The tweed suit is to demonstrate proper breeding. White patent leather shoes are optional. Boating shoes are acceptable. His teenage son will wear an Izod shirt with a small alligator on it, khaki shorts and either Docksider boat shoes or gum rubber duck hunting shoes. This is an unwritten law. Poseurs are frowned upon and will not be tolerated. He pronounces the name of the town Chaasston, where the Ashley and the Cooper rivers meet to form the Atlantic Ocean.
Charleston can’t be the only place with such strange telltales that only locals recognize. Whatcha got?
One way to recognize someone not local to the Washington, DC area is to watch them as they attempt to ride the Metro. If they call it a subway, or “the” subway, they aren’t local. If they stand on the left hand side of an escalator, they aren’t local.
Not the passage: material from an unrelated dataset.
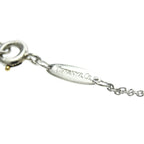 Tiffany Open Heart · Platinum · Diamond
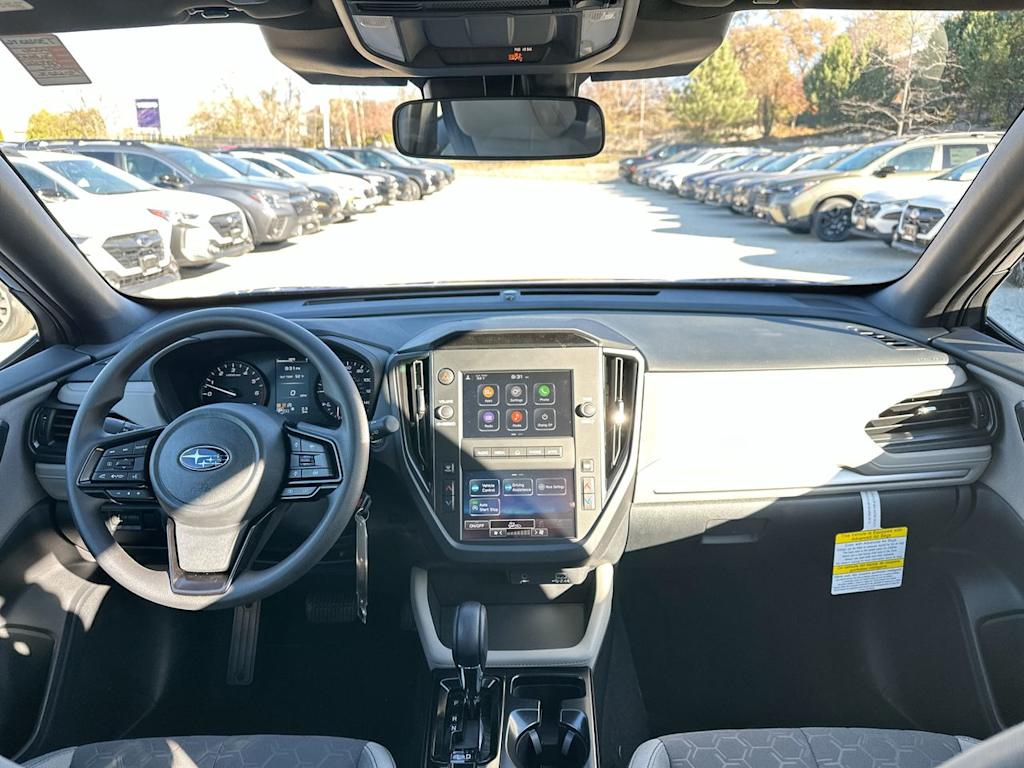 Thumbnail: 2026 Subaru Forester - 2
There is a strong local tradition that when riding a Metro escalator, you stand to the right side. The left side is for people who want to WALK it as well, i.e. walking in the direction of travel so as to make their final velocity = velocity of escalator + their walking speed.
I read that article and looked at the pictures and still can’t get a hold of how that thing is better. It seems to me that they are merely pushing the left turn lane at an intersection forward a few hundred feet, into an area where cars are going to be moving faster since it’s not the intersection, jamming up the road further on, and then additionally, forcing people into a U-turn in traffic without the benefit of traffic lights
How is this better or safe? The article says it reduced congestion and accidents but I’m having a hard time figuring out how.
How nice to see an OP from Charleston - I grew up on James Island, and still miss seeing all the sobs downtown. One of my good friends makes a living fleecing… er, selling trinkets to… tourists in the Market. He’s quite good at it.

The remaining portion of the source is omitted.